The Prairie Farmer Recreation Trail
The Prairie Farmer Recreational Trail -- not just a great way to get from here to there (View Map). A great for walking, roller-blading, cross-country skiing, snowmobiling, people watching, bird watching, observing wildlife, enjoying nature and many other great ideas just waiting to be discovered. Bicyclists, joggers, hikers, and cross-country skiers are all invited to use the trail.
Snowmobiles are allowed on a restricted basis between Ridgeway to near Cresco only. The small part of Northeast Iowa that you'll see while on the trail will say it all. We have fresh air, clean water, and open spaces. Discover Iowa. Discover the Prairie Farmer Recreational Trail.
The Prairie Farmer Recreation Trail History
Much of the Prairie Farmer Recreational Trail is constructed on the abandoned Milwaukee Railroad Line. The line dates from 1866, when the McGregor Western Railroad Company finished the route from McGregor to Cresco, Iowa. A year later the line was deeded to the Milwaukee and St. Paul Railroad. By 1869, the McGregor and Sioux City Railroad, also to become part of the Milwaukee and St. Paul Line, finished its route from, Calmar to Nora Spring, Iowa.
During the early part of the 20th Century, train activity was at its peak. In any one day, up to 30 trains, would pass through Calmar, including passenger trains, freight trains, and mixed trains, many of which traveled on this portion of the line.
By the early 1950s, the popularity of the automobile took its toll on passenger trains. The Marquette, a luxurious passenger train, was pulled off the line. In 1960, the last passenger train to serve Calmar, the Sioux, was discontinued.
To convert the railroad line to trail, the ties were removed, the bed graded, and a limestone chip surface was compacted.
Calmar The terminus is located at the Calmar Train Depot at the intersection of U.S. Highway 52 and the present railroad crossing. Parking is available at the depot site, or around town.
Ridgeway The trail is accessible anywhere within the city limits of Ridgeway. (This is also the access to the snowmobile portion of the trail between Ridgeway and near-Cresco.) The most convenient access is at the Ridgeway Park, located on the east edge of town. The trail runs through the park, where conveniences of water, pit toilets, shelter, playground, picnicking, and parking are provided.
Cresco Access to the Prairie Farm Recreational Trail from Howard County Line is at the trailhead in Cresco.
Accesses are available at any road crossing along the trail. Please do not block the trail with your vehicles.
A small taste of the bounty found in other parts of Winneshiek County can be found along the Prairie Farmer Recreational Trail. On either side of the trail, native prairie areas can be enjoyed from early spring with the emergence of Prairie Smoke, Puccoon, Alexander, and Prairie Phlox.

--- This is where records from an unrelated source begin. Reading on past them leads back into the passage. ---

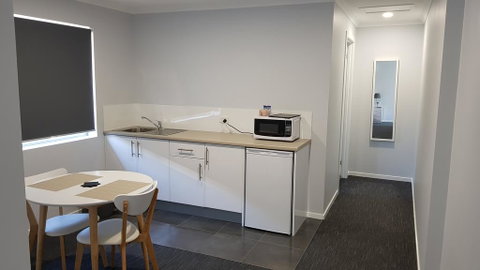 Wynnum Anchor Motel - Food Delivery Shop 3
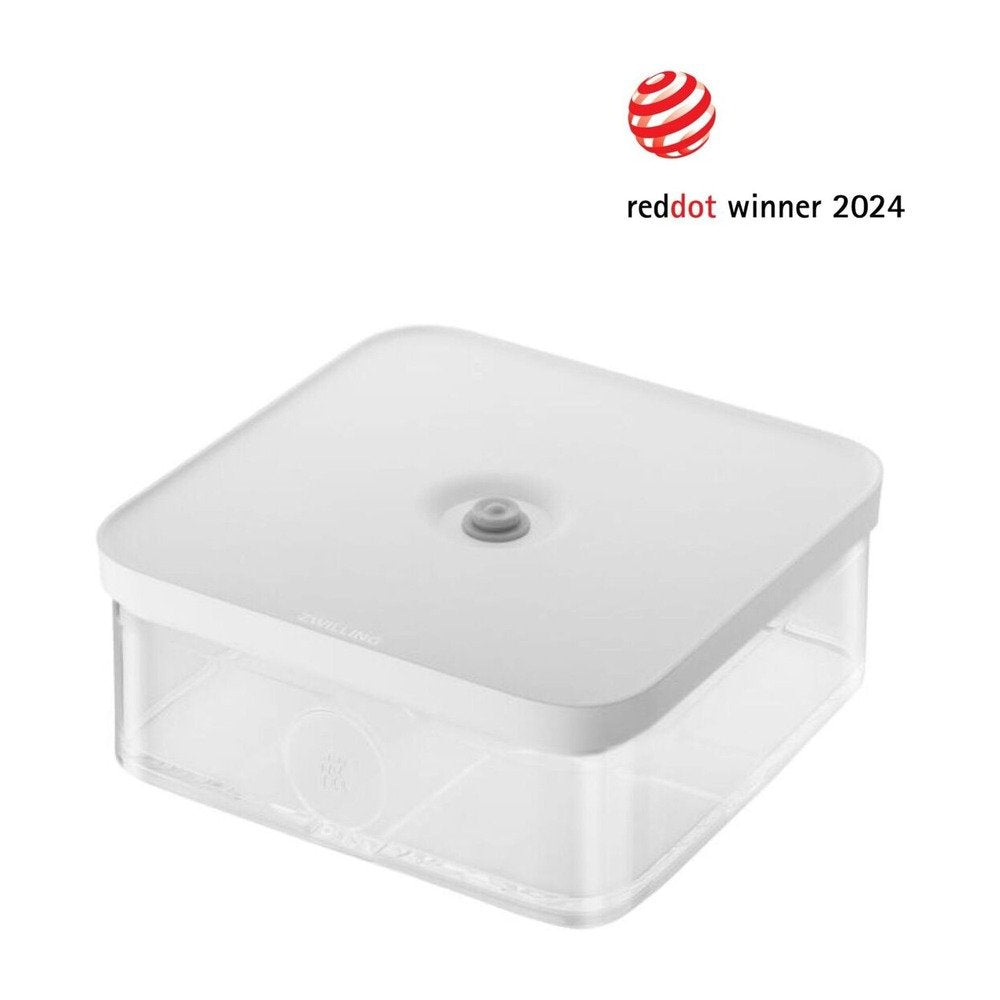 Contenitore quadrato trasparente con coperchio bianco, dotato di un dispositivo centrale. Logo "red dot winner 2024" in alto a destra.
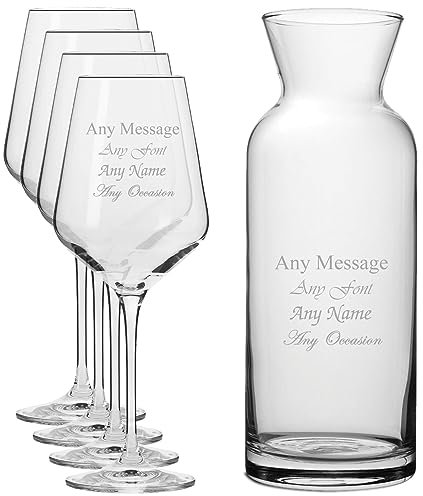 Lot de 4 verres à vin et carafe de village gravés personnalisables, personnalisables avec n'importe quel message pour toute occasion, stylisez à partir d'une variété de polices, boîtes cadeaux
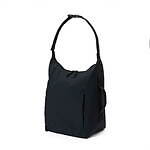 スタジオ ニコルソン×POTRのナイロンバッグ、拡張マチ付きボンサック＆首から下げるミニポーチ｜写真2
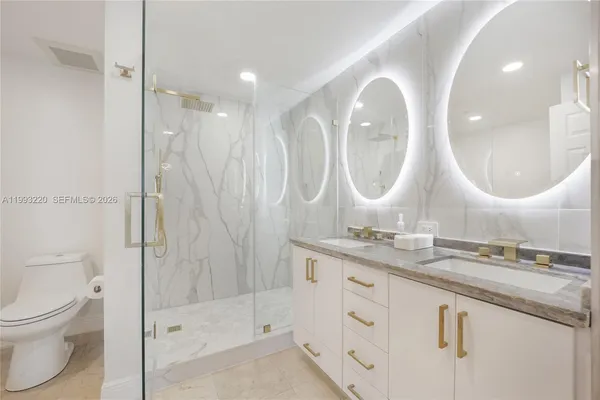 $8,500 | 671 Biltmore Way, Unit PH, Coral Gables, FL 33134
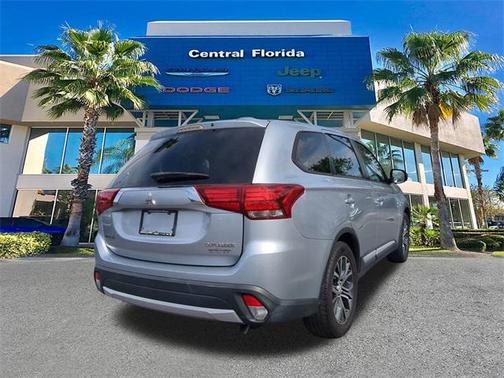 2016 Mitsubishi Outlander ES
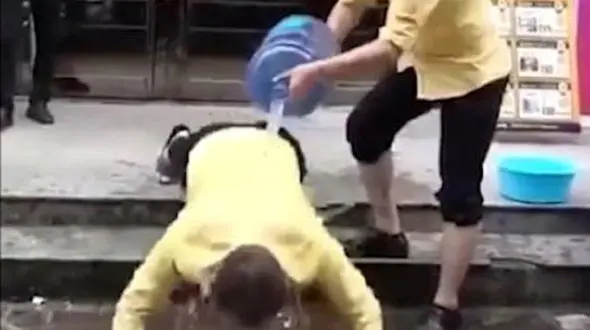 تنبیه عحیب یک کارفرما برای کارمندانش + فیلم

Midsummer brings about occurrences of Rattlesnake Master, Yellow Coneflower, Wild Quinine, and Blazing Star; and until snow falls, you can enjoy sights of Asters, Goldenrod, and Gentian. Please appreciate the plants where they are. Do not disturb them so the next person on the trail can enjoy them also.
Small woodlands made up of Elm, Sumac, Boxelder and Oak can also be found along the trail, and are home to many types of birds and wildlife.
The trail is funded by the Winneshiek County Conservation Board, the Howard County Conservation Board and by grants from the Iowa and Federal Departments of Transportation. The trail is now hard surfaced the twenty miles from Calmar to Cresco.
For further information about the trail or other parks, or preserves managed by the Winneshiek County Conservation Board, please contact the Board office at: 563.534.7145, or write to the board at 2546 Lake Meyer Road, Ft. Atkinson, Iowa 52144, or visit the Winneshiek County Conservation website by clicking here.
The Prairie Farmer Recreational Trail, extending twenty miles, from Calmar to Cresco provides a new aspect to the realm of activities provided by the Winneshiek County Conservation Board. Many hours of research and mediation as well as physical labor and management have gone into providing a recreational trail that can be used by all age groups and many interest groups.
All persons using the trail are at their own risk and should be aware of possible risk innate to remote and natural areas. Trail users are encouraged to wear protective gear on the trail such as bike helmets, etc. Customary trail etiquette like verbal signal while passing are also suggested. Bikers are also suggested to keep to the right while riding.